Sebastian frowned and my father looked puzzled. “I don’t understand what Papa Ven is saying.”
“You’re speaking in Italian, papa,” I said, smiling. I turned to Sebastian. “He says he’s singing to God.”
“Ah, cara! Italiano! The language of Dante! The language of cooking! The language of love!”
Thereafter, every day of my father’s visit, Sebastian learned a few more words of Italian; not all of them were entirely suitable for a child of his young years, but my father had a wicked streak in him. As it turned out, one that I inherited.
I was reasonably happy in San Diego. I became involved with the Base’s magazine and helped out on open house days at the Base or the hospital. I had even put in an application to go to evening classes in journalism, one of the few individual forays I had ever made. It was at this time that David informed me he’d been assigned to Camp Lejeune, North Carolina, and that we were leaving. It was another sideways move for an officer who had failed to live up to his early promise. David chose to see it as a promotion, but then he would.
Within 48 hours David had disappeared to the far side of the continent, and I had a week to watch the contents of our little home being packed into containers.
Sebastian came to see me every day; every day he cried.
And then, on a Tuesday in September, I was gone.
Chapter 1
The sun was warm on my skin, and the book had become heavy in my hands. I’d missed the Californian sun; it felt good to be back, even under these less than ideal circumstances.
I tossed the book aside, pushed my sunglasses up to my hair, and rested my head on my arms, soothed by the warmth of late morning.
I wasn’t entirely sure I’d wanted to make this return journey with David. I had friends in North Carolina independent of naval life; I had a job I enjoyed as an administrative assistant on a small but respectable local paper, and had finally gotten my English Lit degree after six years of night school.
But at the same time I was feeling restless, and ready for a change. Turning 30 had shifted my world view somewhat and, a little surprised to find myself still married, I felt ready to try something new… or something old, as it turned out, because we were back in San Diego. It was a prized location and considered a step up from Camp Lejeune. In any event, David was happier, which made my life easier. We’d found a way to co-exist that was not unpleasant. He wasn’t always an unkind man, or so I told myself, and I wasn’t a faithless wife; we were just fundamentally unsuited to each other. We’d grown apart.
At least I was enjoying the beach. Point Loma was seven miles from the hospital and patronized by nearly all the Base personnel, a finger of land that separated the ocean from San Diego Bay. The less popular part was at the north end of Adair Street; here, I thought, I was less likely to be disturbed.

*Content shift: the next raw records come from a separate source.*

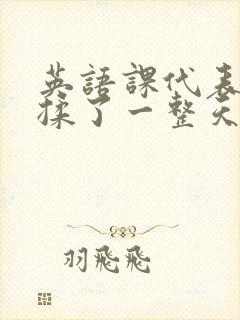 英语课代表让我揉了一整天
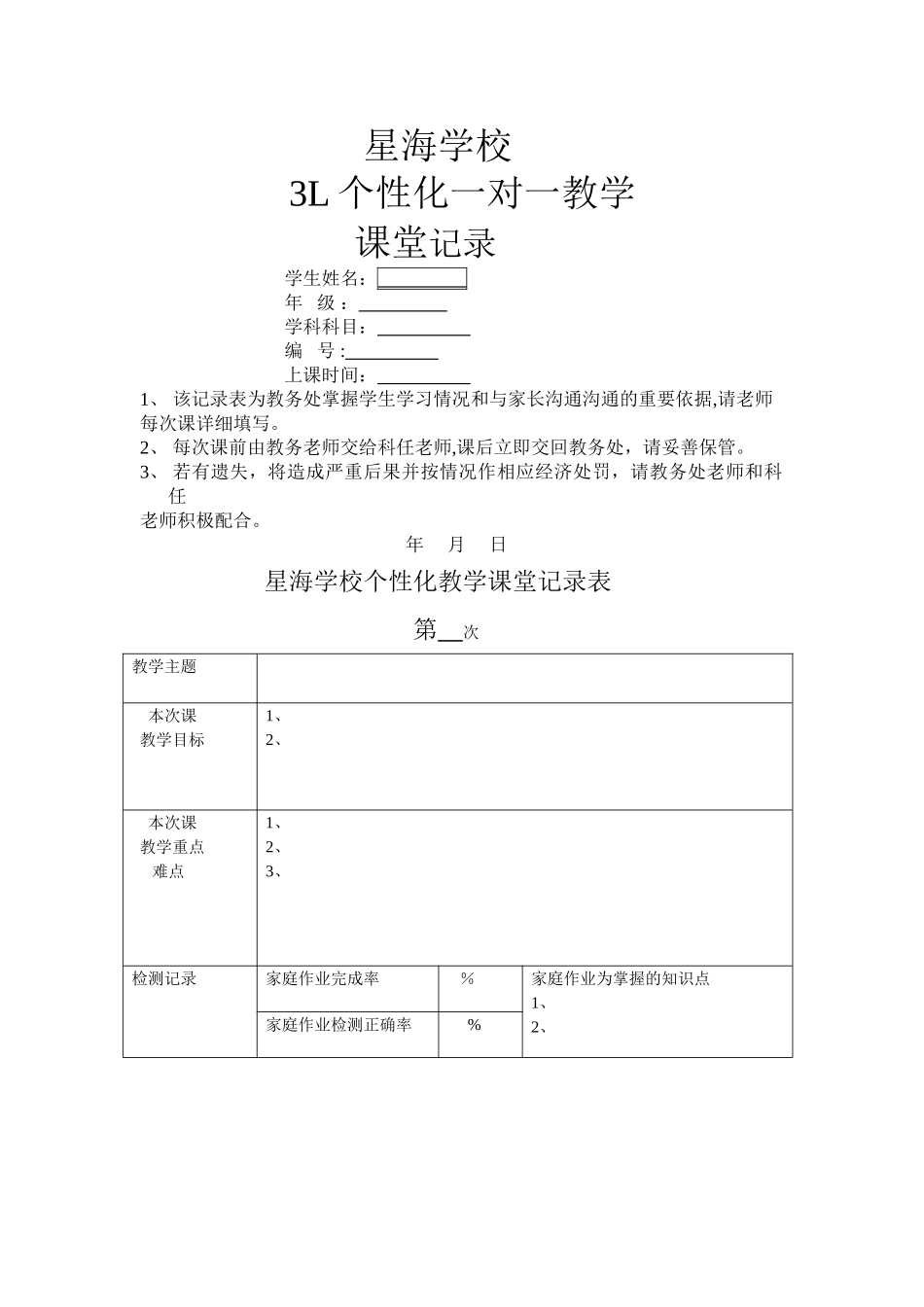 一对一教学课堂记录_第1页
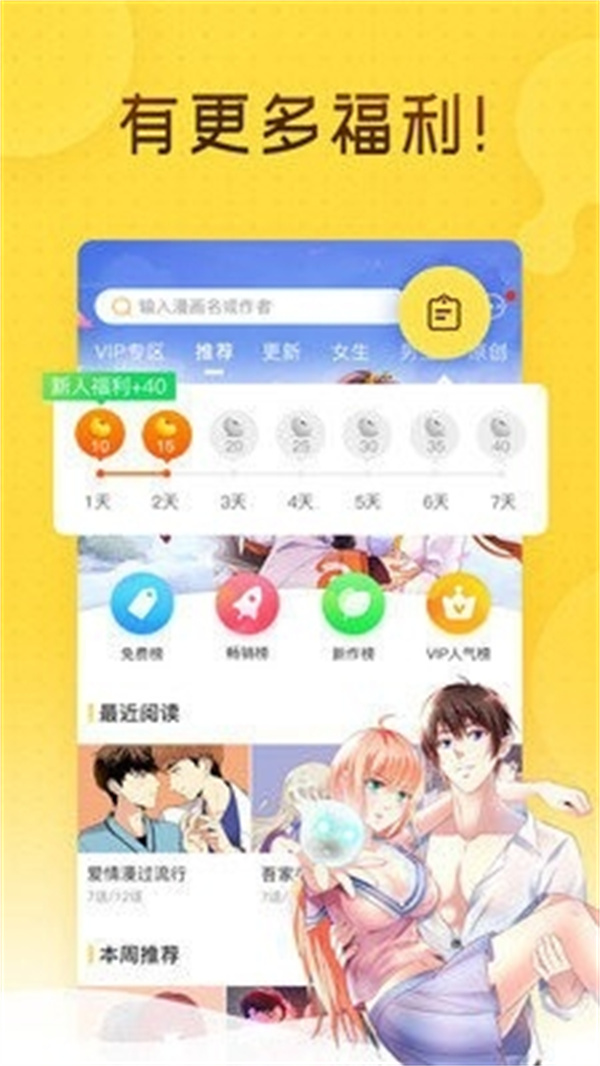 one漫画免费漫画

Perhaps fate was watching, but I suppose the meeting would have happened sooner or later, if not that day.
“Hello, Mrs. Wilson.”
I didn’t recognize the light, tenor voice. I twisted around and cupped my hand over my eyes, squinting against the sudden brightness of the sun.
“Yes?”
Two men of about 20 were standing awkwardly a few feet away, and a third was leaning over me, dripping onto my beach towel.
“It’s Sebastian.”
“Who?”
His radiant smile faltered.
“Sebastian Hunter.”
My mind unraveled. Little Sebastian Hunter – all grown up.
“Oh, my gosh, Sebastian! I… I didn’t recognize you. Wow!”
I rolled over and sat up, resisting the urge to yank up my bikini more firmly.
“I heard you’d come back. I was hoping I’d see you,” he said, smiling again.